*Exercise details*: Beginning with the line below that contains "Giantex Nesting Coffee" and ending with the line that contains "Available ASIC Miners Print Crypto", retype every line exactly. Pictures are not copied.

*Supplied information*:
********************
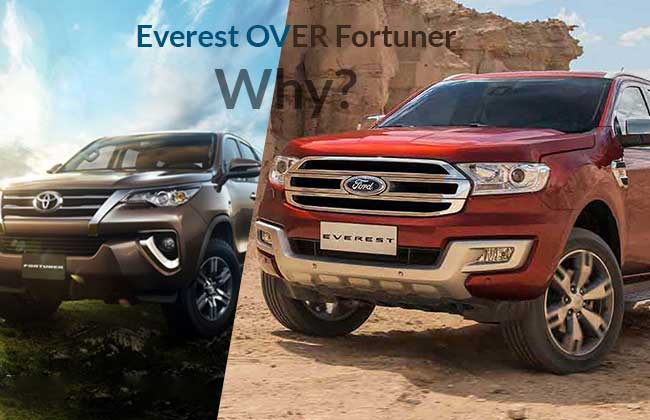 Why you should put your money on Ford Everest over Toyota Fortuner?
********************
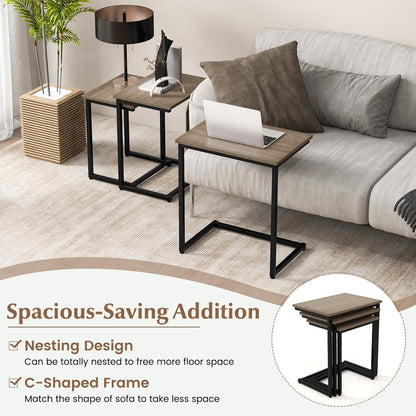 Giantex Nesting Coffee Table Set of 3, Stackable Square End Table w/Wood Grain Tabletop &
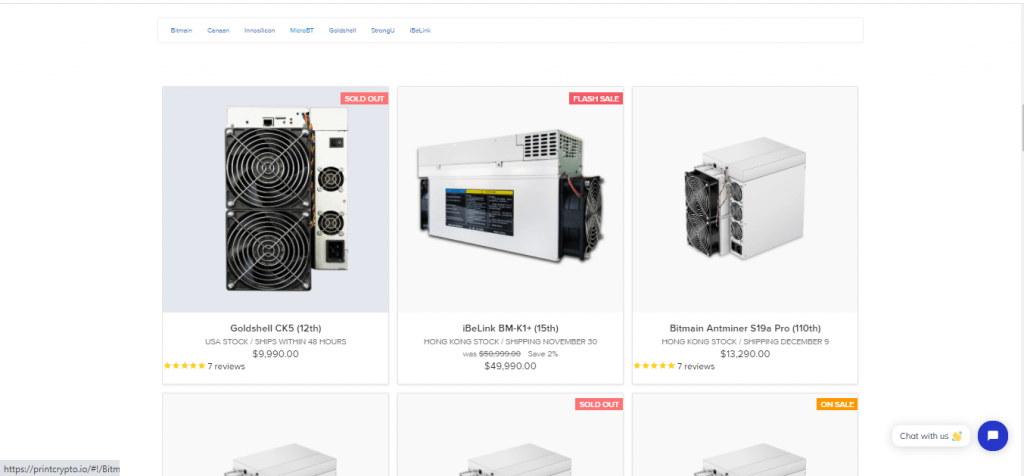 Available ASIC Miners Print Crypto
********************
*Result for this task*:
 Giantex Nesting Coffee Table Set of 3, Stackable Square End Table w/Wood Grain Tabletop &
 Available ASIC Miners Print Crypto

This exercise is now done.